WORK TO COMPLETE
Set down the data below in full, exactly as it reads, but without the pictures.

EXERCISE DATA
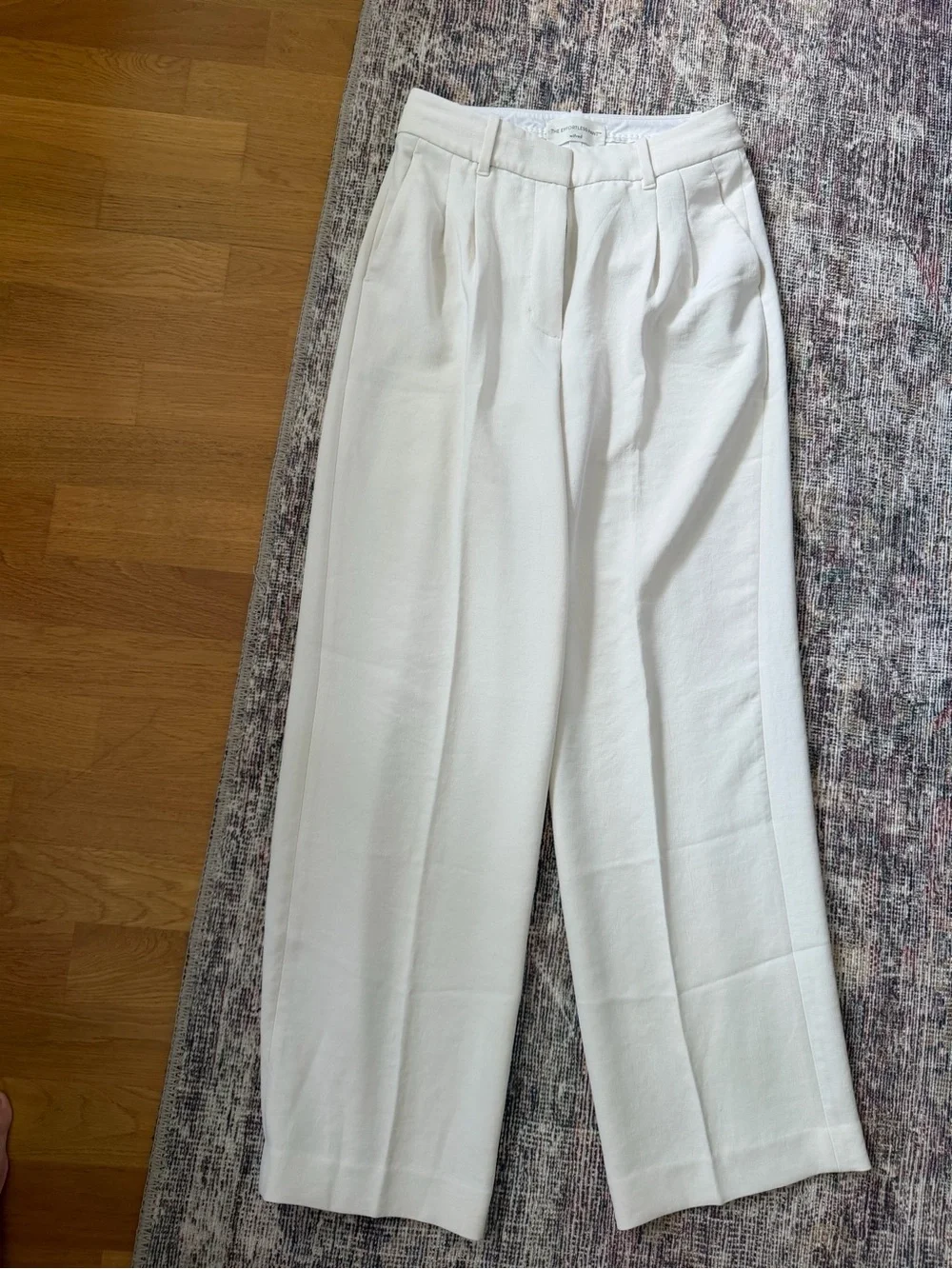 Aritzia Wide-Leg PowerLinen™ Pants in Cream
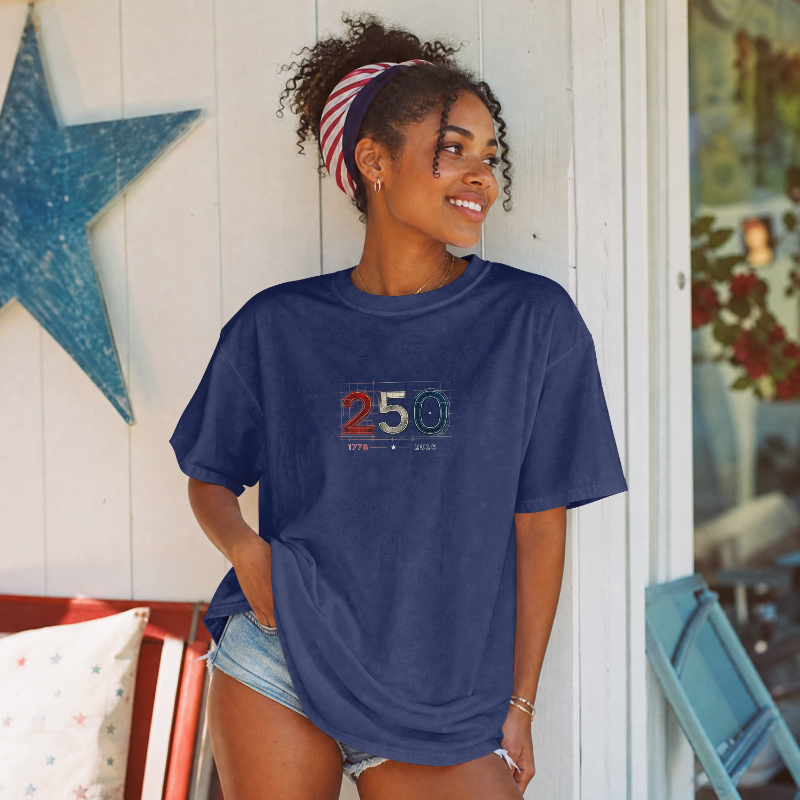 250 Blueprint Edition | America 1776–2026 Draft Edition Tee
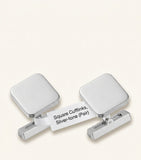 Cartier sterling silver Santos de Cartier cufflinks - British product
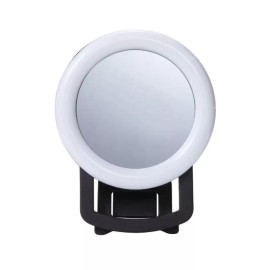 Vivitar LED Selfie Light w/ Makeup Mirror (Black)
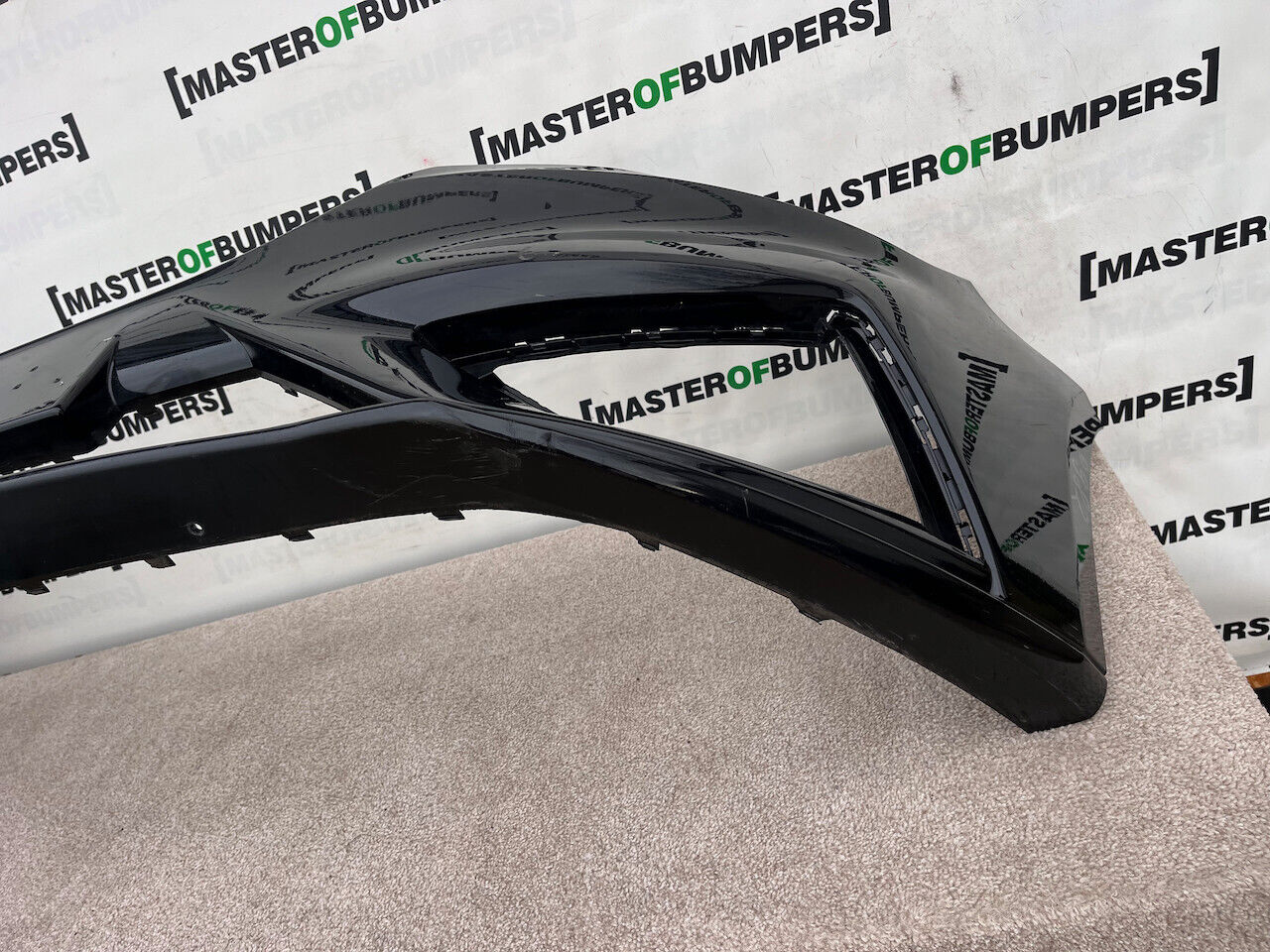 Mg Mg3 Exclusive Face Lift Hatchback 2018-2023 Front Bumper Black Genuine [p982]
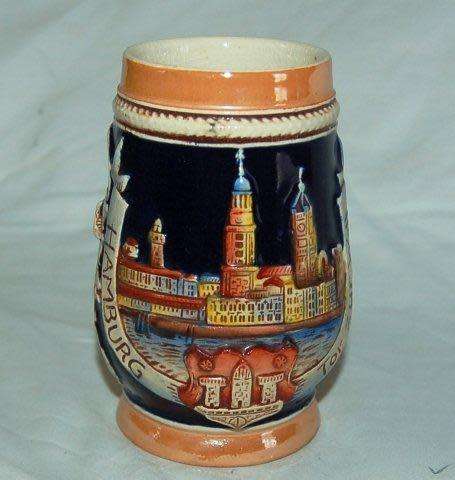 Small German Beer Tankard - Height 123mm - See all Pictures.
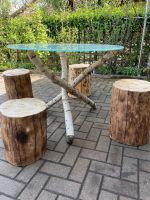 Gartentisch mit Baumstämmen (Hocker) Bayern - Bayreuth Vorschau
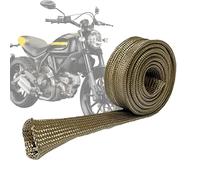 Manga De Calor - Manga De Sudario | Envoltura De Fibra De Fibra D Basalto Con Resistencia A Alta Temperatura | Envoltura De Escudo De Calor Flexible Para Cables, Juntas Y Acces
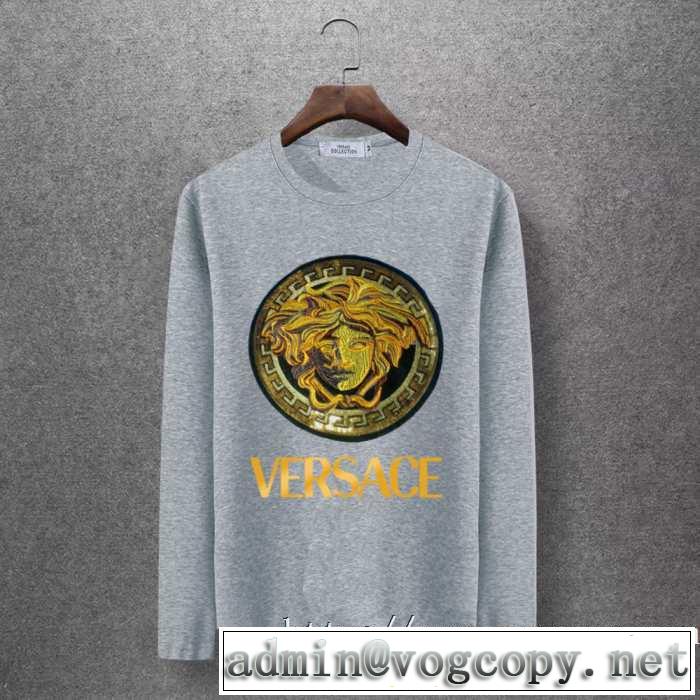 ヴェルサーチ VERSACE 長袖Tシャツ 4色可選 秋トレンドの新定番 【最新】2019年秋冬のトレンド速報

ANSWER SPACE
 Aritzia Wide-Leg PowerLinen™ Pants in Cream
 250 Blueprint Edition | America 1776–2026 Draft Edition Tee
 Cartier sterling silver Santos de Cartier cufflinks - British product
 Vivitar LED Selfie Light w/ Makeup Mirror (Black)
 Mg Mg3 Exclusive Face Lift Hatchback 2018-2023 Front Bumper Black Genuine [p982]
 Small German Beer Tankard - Height 123mm - See all Pictures.
 Gartentisch mit Baumstämmen (Hocker) Bayern - Bayreuth Vorschau
 Manga De Calor - Manga De Sudario | Envoltura De Fibra De Fibra D Basalto Con Resistencia A Alta Temperatura | Envoltura De Escudo De Calor Flexible Para Cables, Juntas Y Acces
 ヴェルサーチ VERSACE 長袖Tシャツ 4色可選 秋トレンドの新定番 【最新】2019年秋冬のトレンド速報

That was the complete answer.